OECs are a little harder because their claims are more difficult to test. They can keep finding gaps in which to insert God.

Ken Miller has a similar conclusion about debating creationists. One admitted to him that, despite whatever evidence existed, they could not change their basic belief.

TrogL

(32,822 posts)
3. It won't be a debate
Mon Feb 3, 2014, 01:28 PM
Feb 2014

Ham will go straight into a Gish Gallop. Unless they allow Nye to roll back the tape and attack each individual point one at a time, Ham will bury him in bullshit.

Brettongarcia

(2,262 posts)
4. If the problem is not solved by debating Creation? Then how about teaching "critical thinking?"
Mon Feb 3, 2014, 01:40 PM
Feb 2014

Or teaching more science. Or Logic.

To get around the endless stalemate of all-too-well known and predictable debates.

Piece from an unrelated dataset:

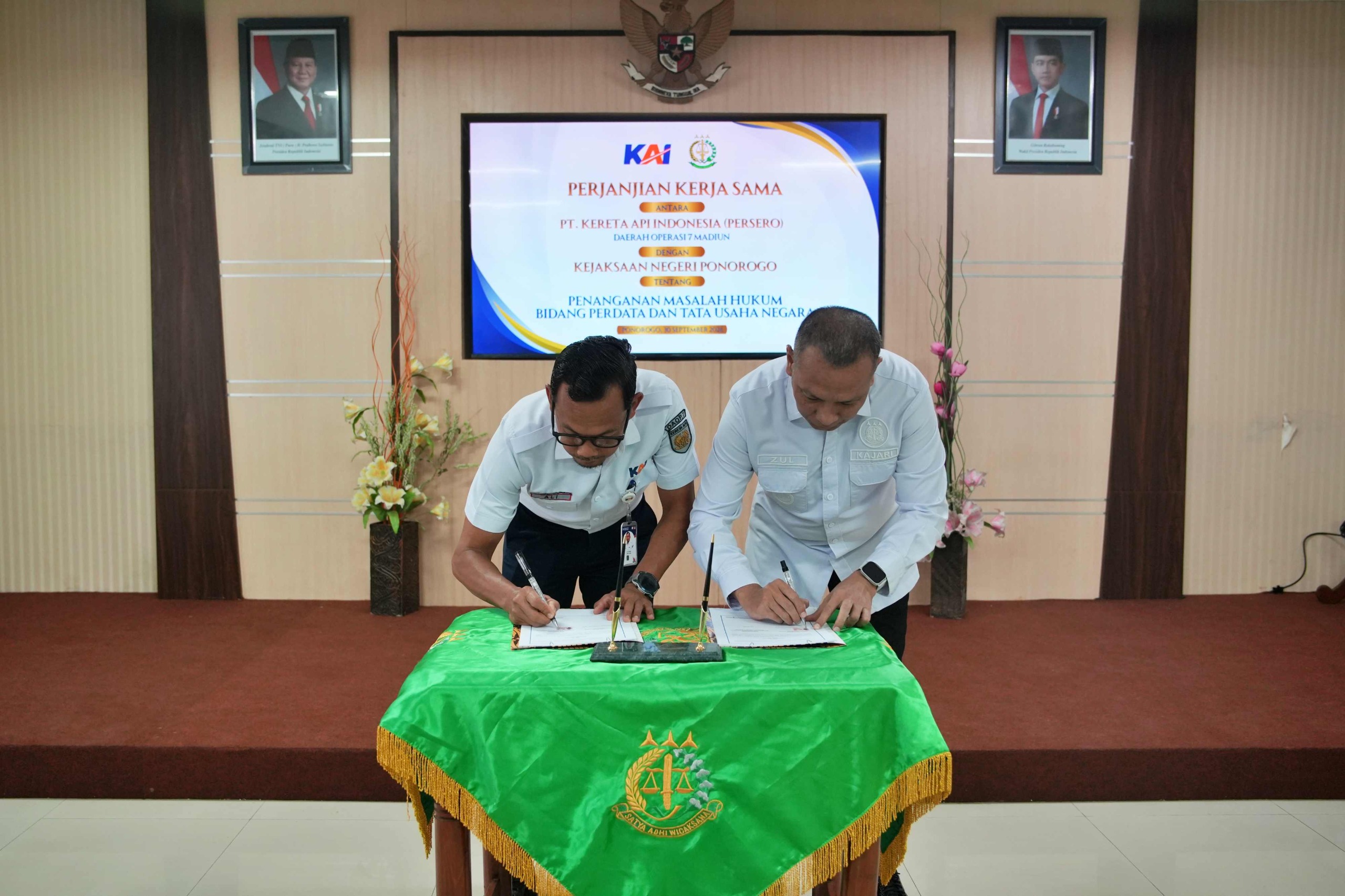 KAI Daop 7 Madiun dan Kejaksaan Negeri Ponorogo Tandatangan Kesepakatan Bersama Bidang Perdata dan Tata Usaha Negara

In 15 years of debating with the religious right, I found the best approach was to simply avoid all too well known subjects. Like women's rights, gay rights, and so forth. And simply teach a rational approach to anything else.

Fumesucker

(45,851 posts)
5. It doesn't take an expert to understand the word of God
Mon Feb 3, 2014, 08:45 PM
Feb 2014

It takes a freaking contortionist with the moral flexibility of a rubber eel.